A word-for-word copy is needed of the line containing "Bubbles & Friends- Friends" and every line after it through the end of the records below, leaving out all pictures.

* Exercise inputs:
++++++++++++++++++++

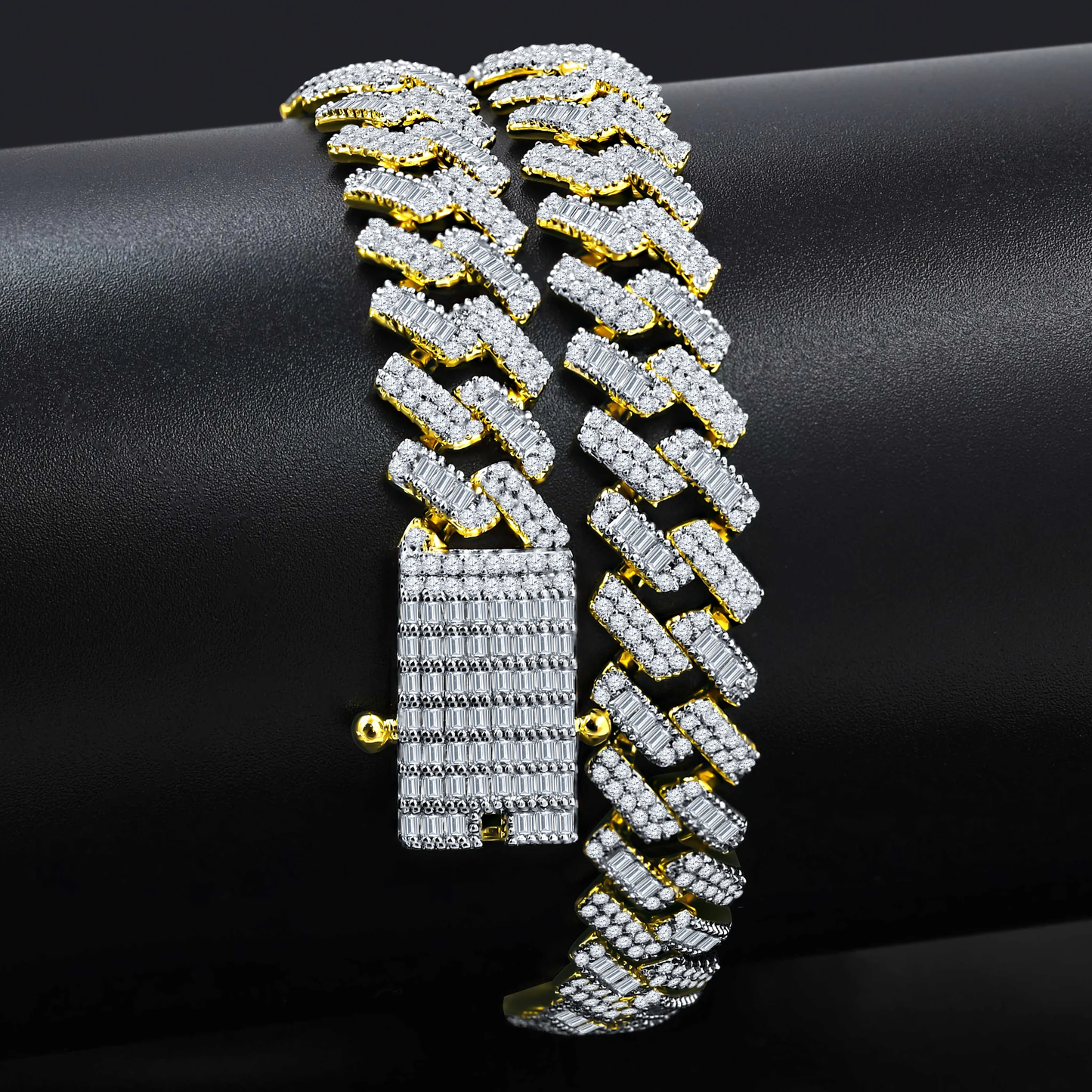 Men's Cuban Link Chain - 12MM Gold-plated Miami Cuban Link Chain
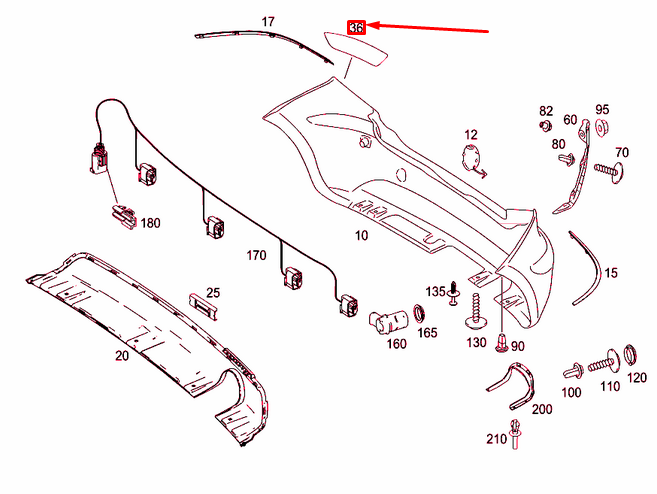 NEW MERCEDES-BENZ A W169 REAR BUMPER RIGHT REFLECTOR A1699890285 ORIGINAL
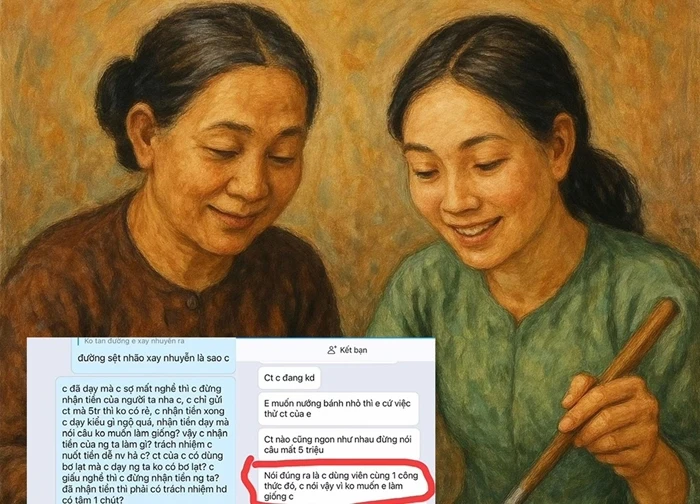 Vụ bán 2 trang công thức làm bánh bò giá 5 triệu, nhắn kèm "chị không muốn em làm giống chị": Người bị bóc phốt lên tiếng!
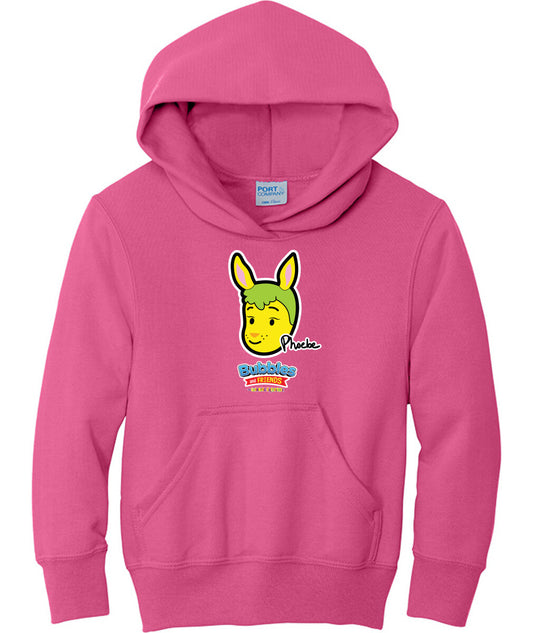 Bubbles & Friends- Friends from Happyville 'Phoebe' Children's Fleece Pullover Hooded Sweatshirt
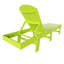 Méridienne inclinable en poly 77,7 po-87553205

++++++++++++++++++++

* Task result:
 Bubbles & Friends- Friends from Happyville 'Phoebe' Children's Fleece Pullover Hooded Sweatshirt
 Méridienne inclinable en poly 77,7 po-87553205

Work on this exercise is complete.